At the trial of the columnists and executives of Zaman, the mouthpiece of the Gülenist Terror Group (FETÖ), many said they were deceived by the cult and condemned last year's deadly coup. Zaman, along with other media organs of FETÖ, were seized by the state before being shut down in the aftermath of the coup attempt on July 15 last year.
The trial of 31 suspects, 22 of whom are under arrest and one a fugitive, at the Istanbul court on Monday and yesterday was held to allow suspects to give their testimonies. The indictment accuses the suspects of trying to topple the constitutional order, the Parliament and the government and membership of an armed terrorist group. The indictment outlines how Zaman employees took the lead in attacking the government, staring from mid-2013, and took active part in the December 2013 judicial coup attempt, which involved spurious corruption accusations made against senior government officials by the use of tampered evidence.
FETÖ, led by fugitive Fetullah Gülen, infiltrated state institutions over decades, starting from the 1970s. By the 2000s, it had come to dominate many state institutions, especially the judiciary, police and the military, which it used for its own nefarious purposes.
Meanwhile, businessmen recruited provided financial backing to FETÖ, as well as members who were obligated to put aside a significant portion of their wages for the cult. FETÖ members are also known to have established charter schools in the U.S. and syphoning federal funds to its network. The FBI is currently investigating several charter schools for money laundering and other criminal activities.
These funds were used to create an enormous media empire, of which Zaman was the crown jewel.
One suspect, Şahin Alpay testified at the court on Monday, dismissing accusations that he was part of FETÖ. He said the reason why he worked at Zaman as a columnist was because no other newspaper would hire him. "I wanted to share my opinions and needed the money," he said.
He said he had believed the Gülen movement was based on the Sufi beliefs of Anatolia and established it network of schools, companies and associations to work for world peace and believed claims that the cult supported rights, freedoms, rule of law and liberal secular beliefs.
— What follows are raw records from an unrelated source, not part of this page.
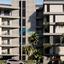 3 bedroom apartment for sale potamos germasogeias limassol 1334634 thumbnail 5448665
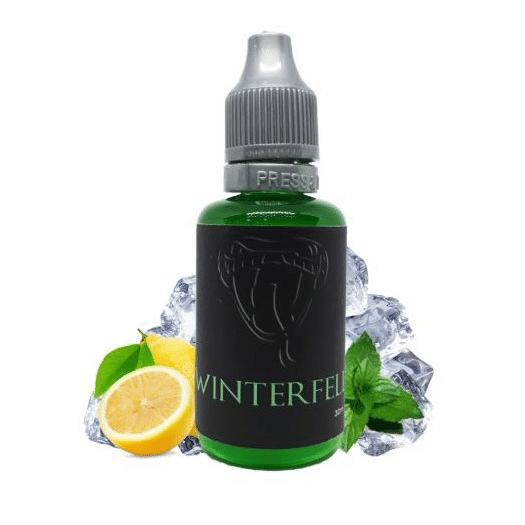 Aroma WINTERFELL - Viper Labs - 30ml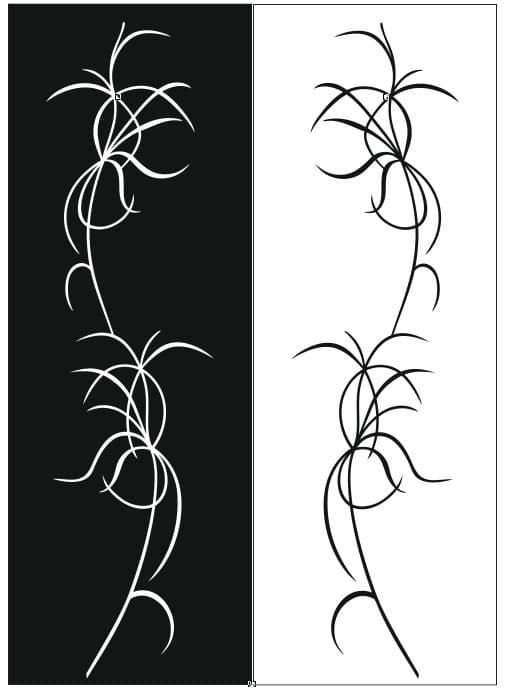 <span  class="uc_style_uc_tiles_grid_image_elementor_uc_items_attribute_title" style="color:#ffffff;">Рисунок-9733</span>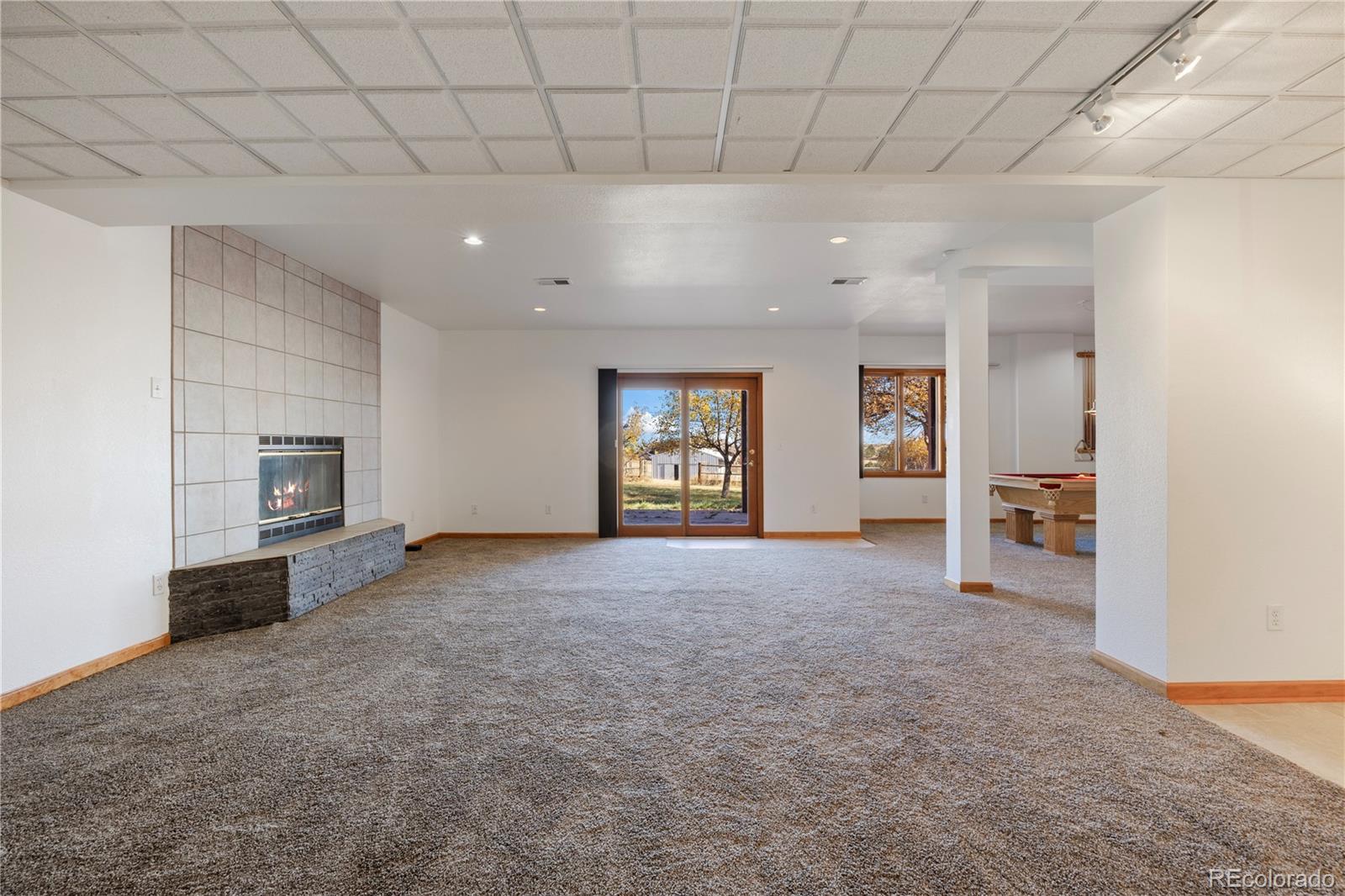 MLS Image #33 for 46465  black spruce lane,parker, Colorado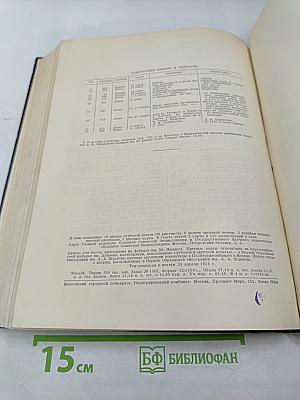 Большая Советская Энциклопедия. Том 51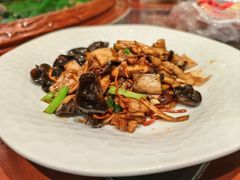 -普天和酒楼·新津菜·烤鸭(天津之眼店)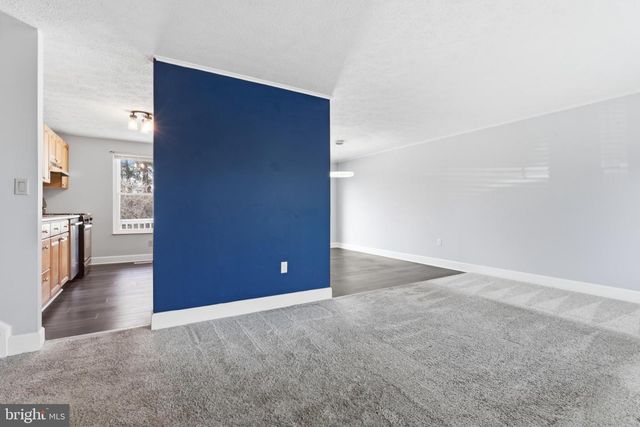 213 WINTERGREEN LN, Brunswick, MD 21716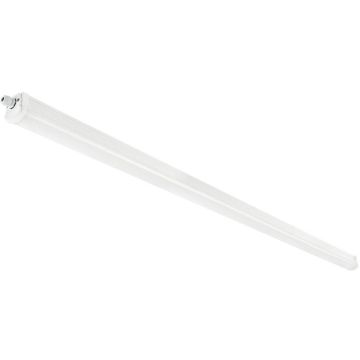 Nordlux OAKLAND 47756101 Vonalas lámpa 4000K 3150LM IP65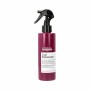 Spray Revitalizante para Cabellos Rizados L'Oreal Professionnel Paris Expert Curl 190 ml de L'Oreal Professionnel Paris, Cuid...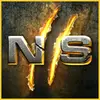 Natural Selection 2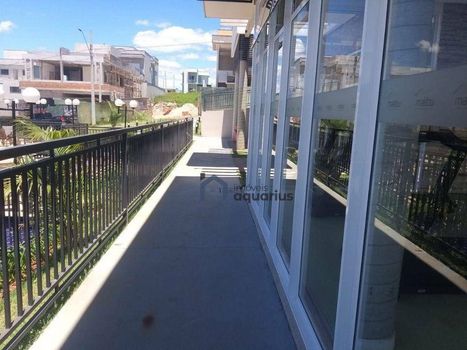 Foto 6 do(a) Casa em Condomínio false à venda em Parque Residencial Maria Elmira, Caçapava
"My disappointment with the Gülen movement began with the military coup on July 15, 2016. I must admit that I had no idea the movement was involved in anything illegal until then." He said FETÖ's involvement in the coup would be revealed through court decision but all signs since July 15, 2016 had created an enormous sense of disappointment with the movement, Alpay said. "I condemn the July 16 coup attempt. I was mistaken not to have seen the dark side of the movement." He said he was innocent of all charges.
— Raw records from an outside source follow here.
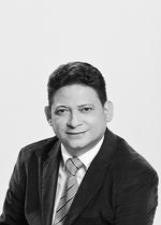 Foto de JOSÉ GALVÃO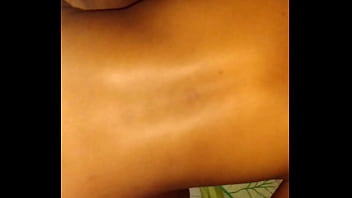 Casal paraíso corno filma esposa com amante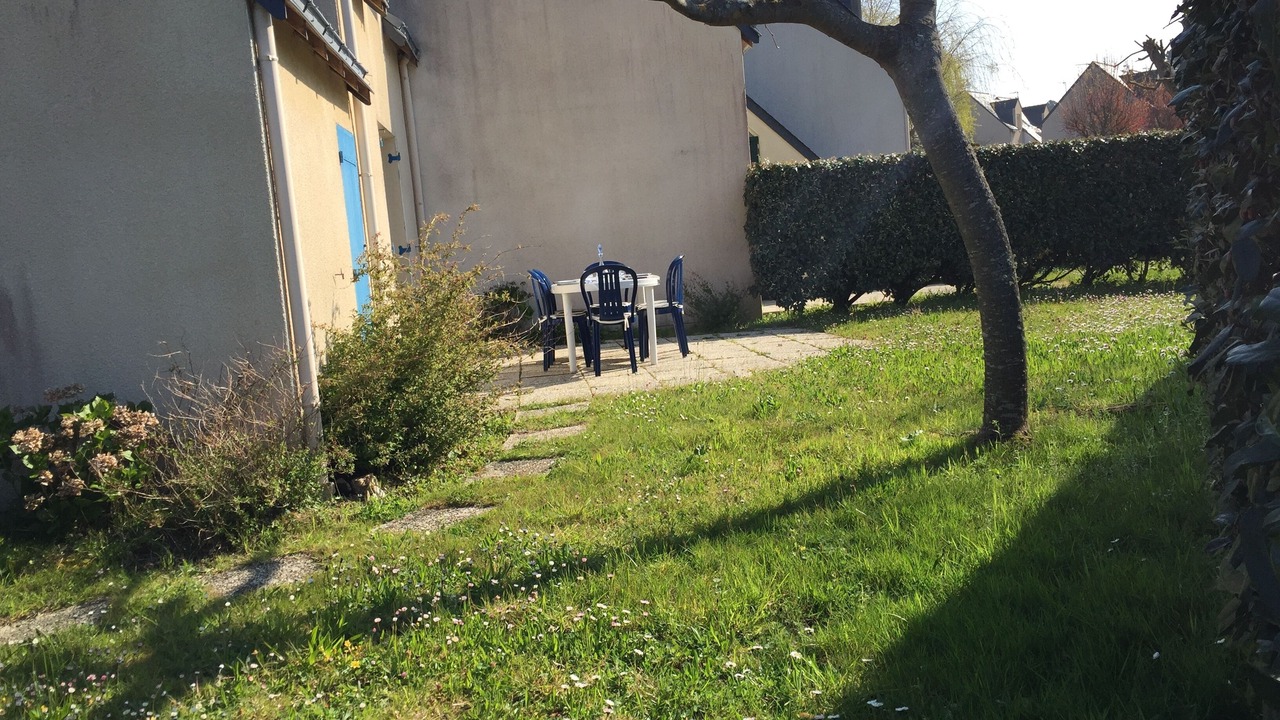 Photo of Outdoor in Piriac-sur-Mer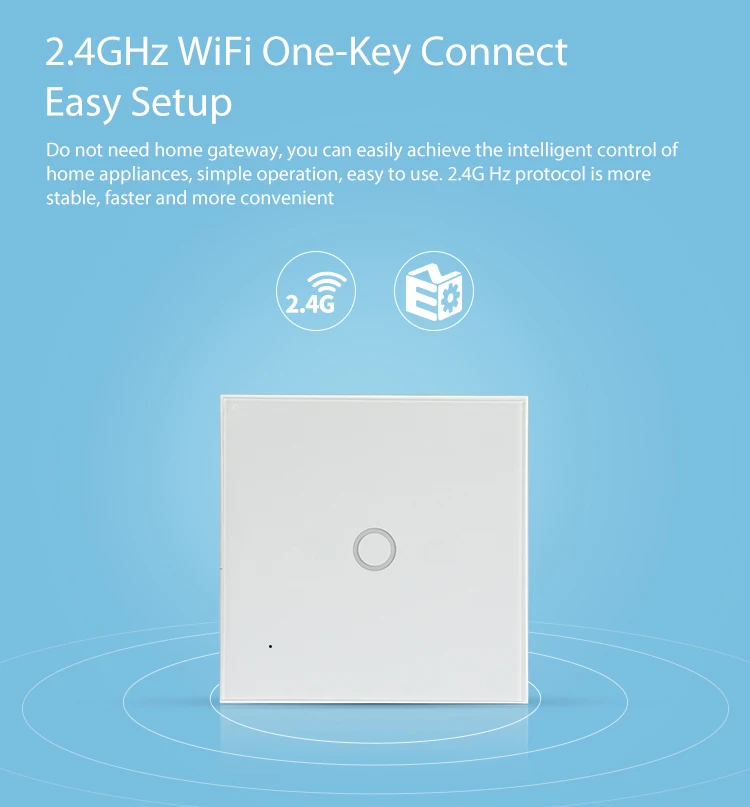 WiFi-EU-1_02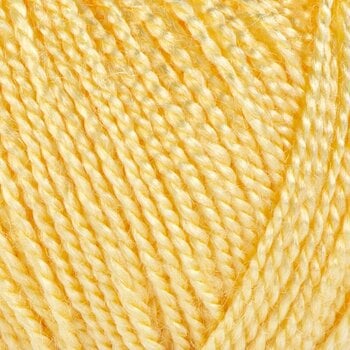 Pletacia priadza Yarn Art Etamin 461 Pletacia priadza - 2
Another columnist who testified was Müztazer Türköne, who rejected all charges, claiming to have been among the leading anti-coup individuals in Turkey. Türköne commended the Turkish people for fighting against the military coup attempt on July 15, 2016. "I know the cost of a coup. That's why no one can accuse me of being a coup plotter. If anyone's bust is to be erected, it needs to be mine."
Another columnist Ali Bulaç also denied the charges, describing FETÖ as a delicately gilded vase that was dropped on the floor on July 15, 2016 and broke, spilling out all kinds of disgusting crimes, activities and other shameful acts.
He said the movement was poisoned by the power it accumulated. He accused Gülen and his executives of creating an aura of sanctity, tricking and victimizing disciples. Bulaç said he protected the democratically-elected government, refusing to join FETÖ's attacks. "Many executives of Gülen's media collected all their belongings beforehand and escaped. Those left behind had no idea what was going on."
Many executives of FETÖ-linked media, including Zaman's Editor-in-Chief Ekrem Dumanlı, remain fugitives and are believed to have escaped overseas.